Claudia Oliveira – Sou uma entusiasta do vinho nacional. Creio que devemos ter orgulho do vinho que o país produz. O Brasil produz vinhos com cada vez mais qualidade. Nossa história na produção de vinhos é muito curta se comparada a outros países que têm milhares de anos de experiência, mas hoje a tecnologia e a difusão do conhecimento de enologia contribuem para que mesmo países com pouco tradição possam produzir excelentes vinhos.
Cláudia Oliveira já visitou mais de cem vinícolas em todo o mundo, inclusive a dos principais produtores
Um aspecto que me anima sobremaneira é ver o surgimento de novas regiões produtoras no Brasil, isso abre espaço para uma variedade ainda maior de experimentação e de produção de estilos e castas diversos.
Houve uma revolução recente no nosso país com a adoção da técnica da dupla poda e colheita de inverno, porque agora é possível produzir vinhos em uma extensão territorial imensa, que antes não era adequada à produção de uvas de qualidade. Tenho visitado vinícolas em Minas Gerais, São Paulo, Goiás e Distrito Federal, porque estou escrevendo um Guia dos Vinhos de Inverno juntamente com duas amigas Sommelières, e o que vejo é o nascimento de um novo momento para o vinho brasileiro.
Blog Vinho Tinto – Depois do diploma, o próximo passo é estudar para se tornar uma Master of Wine. No Brasil temos apenas um atualmente. Está nos seus planos tornar-se a primeira mulher Master of Wine do Brasil?
Claudia Oliveira – O Master of Wine certamente é o último estágio da formação possível, mas seria um desafio imenso, um Everest a ser conquistado. Sei de pouquíssimos brasileiros que estão se dedicando aos estudos para o MW, dentre eles há duas ou três mulheres, e vejo que a tarefa é muito árdua. Espero que as mulheres que já estão nessa caminhada logo consigam conclui-la. Quanto a mim, creio que temos sempre que continuar estudando, porque o mundo do vinho é dinâmico e requer atualização constante, quem sabe esse seja um caminho…
Blog Vinho Tinto – Qual seu sonho como profissional do mundo dos vinhos?
Claudia Oliveira – O sonho é ser uma profissioal que consiga auxiliar no crescimento da indústria do vinho no Brasil. O país tem um imenso potencial, o surgimento de novas regiões produtoras e o aumento no consumo da bebida tem demonstrado isso.
Blog Vinho Tinto – Para finalizar, gostaria que você destacasse mulheres que você admira no mundo do vinho – tanto no cenário internacional como no nacional. O que fazem essas mulheres merecerem a sua consideração?

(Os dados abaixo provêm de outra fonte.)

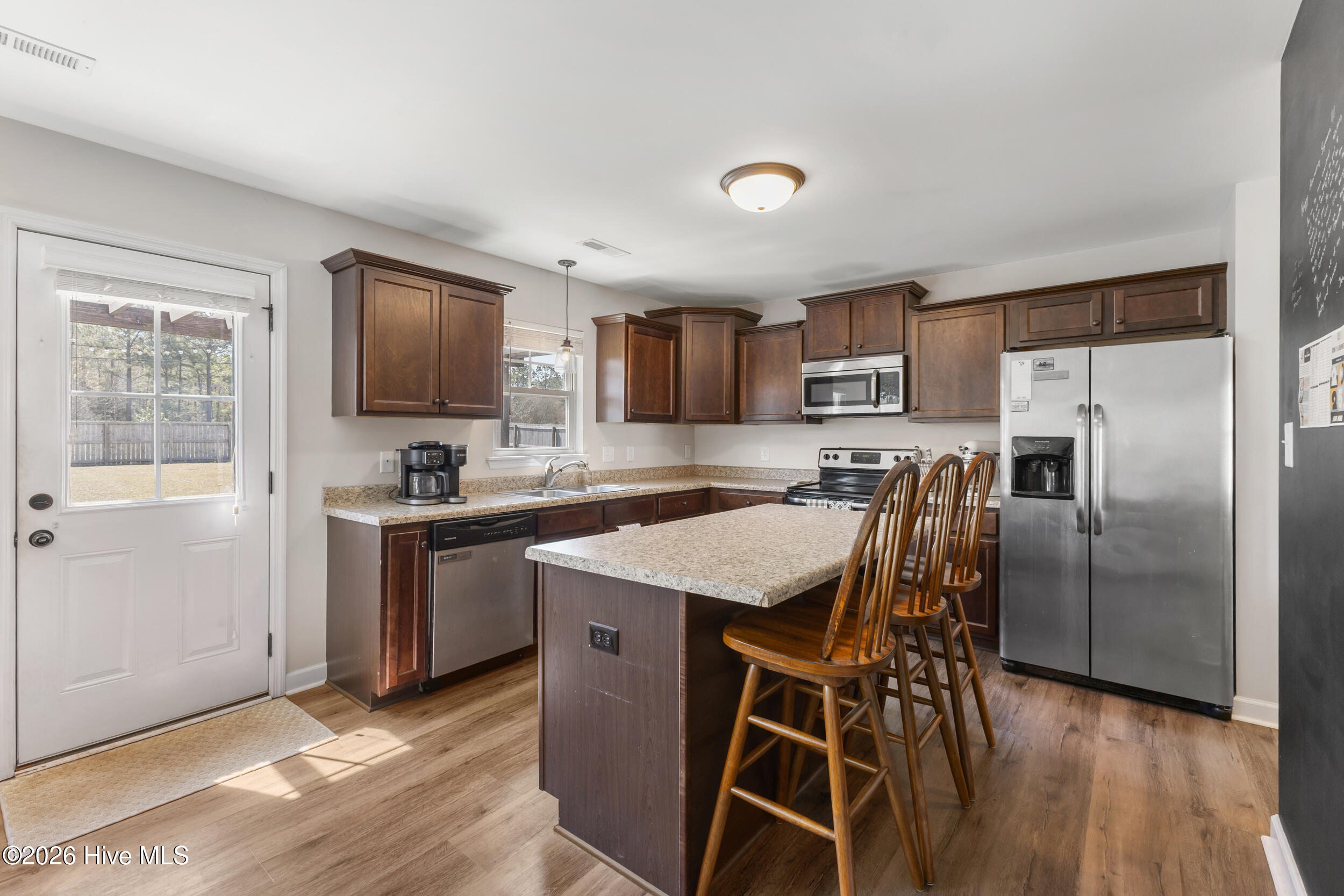 100563533 | Photo 10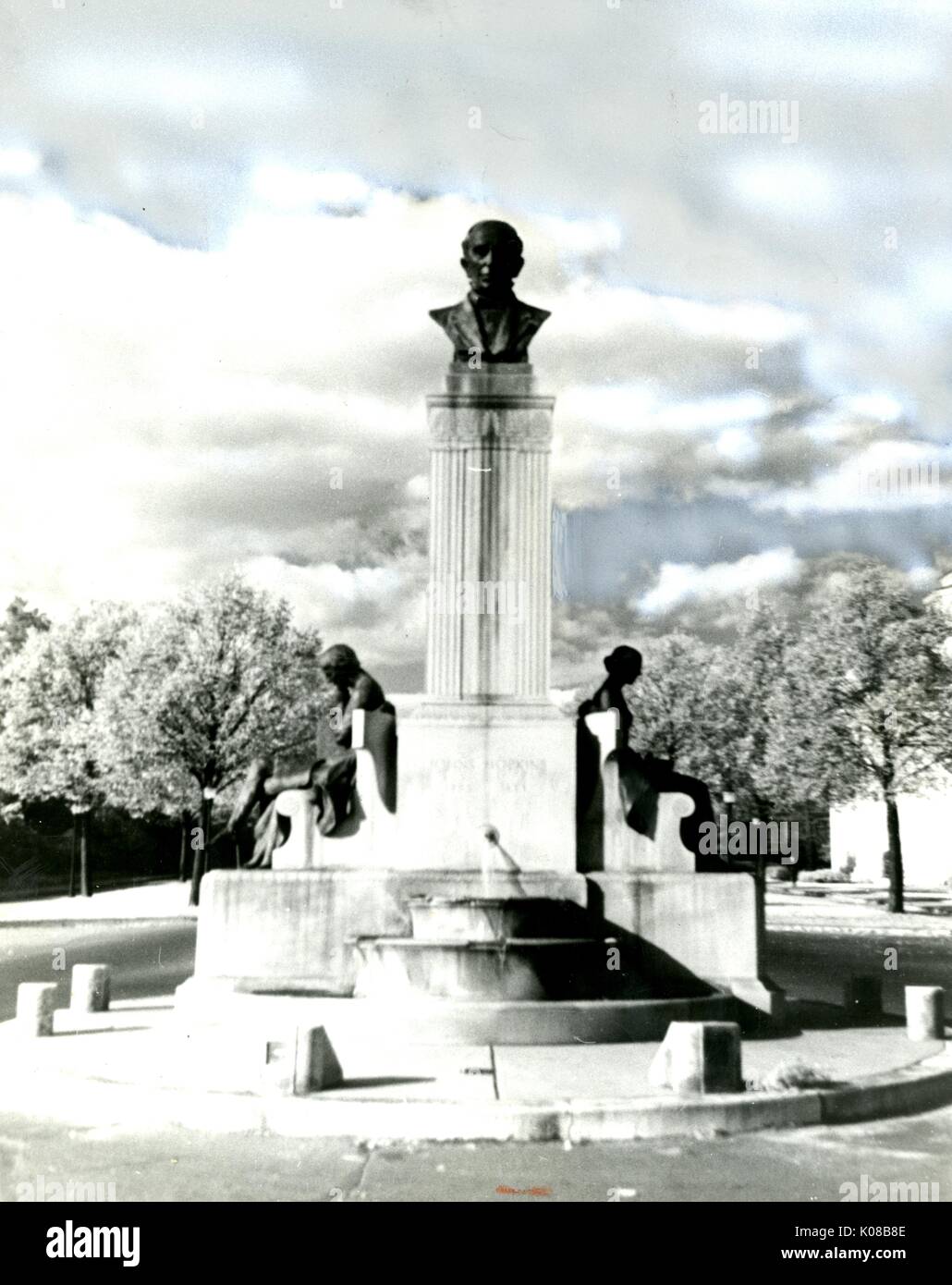 Fotografia del monumento, Johns Hopkins scultura, precedentemente situato in Charles Street a 34th Street, si trova ora a Charles e xxxiii Street, con disegno di miglioramento, Baltimore, Maryland, 1950. Foto Stock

Claudia Oliveira -Olha, eu não vou citar nomes, acho até uma injustiça. Ao longo dos anos conheci pessoalmente muitas mulheres que trabalham com vinho, no Brasil e no Exterior, e todas elas me encantaram em algum aspecto, e muitas me motivaram a querer aprender mais, a fazer mais. Algumas das pessoas mais interessantes que conheci são desconhecidas do grande público. Todas merecem o meu destaque e a minha admiração, pois como já falamos anteriormente, o mundo do vinho e da sommelierie ainda é dominado pelos homens. O simples fato de elas estarem acordando todos os dias e colocando os seus esforços para produzir ou vender um vinho já é motivo para consideração. Como dissemos aqui, ainda somos pioneiras, elas, você, eu, ainda estamos abrindo caminho para as mulheres.
Mas se você tivesse me perguntado qual mulher no mundo do vinho eu gostaria de conhecer, aí citaria um nome, é a Jancis Robinson, porque todo o seu trabalho e, especialmente, os seus livros foram muito importantes para o ensino do vinho no mundo.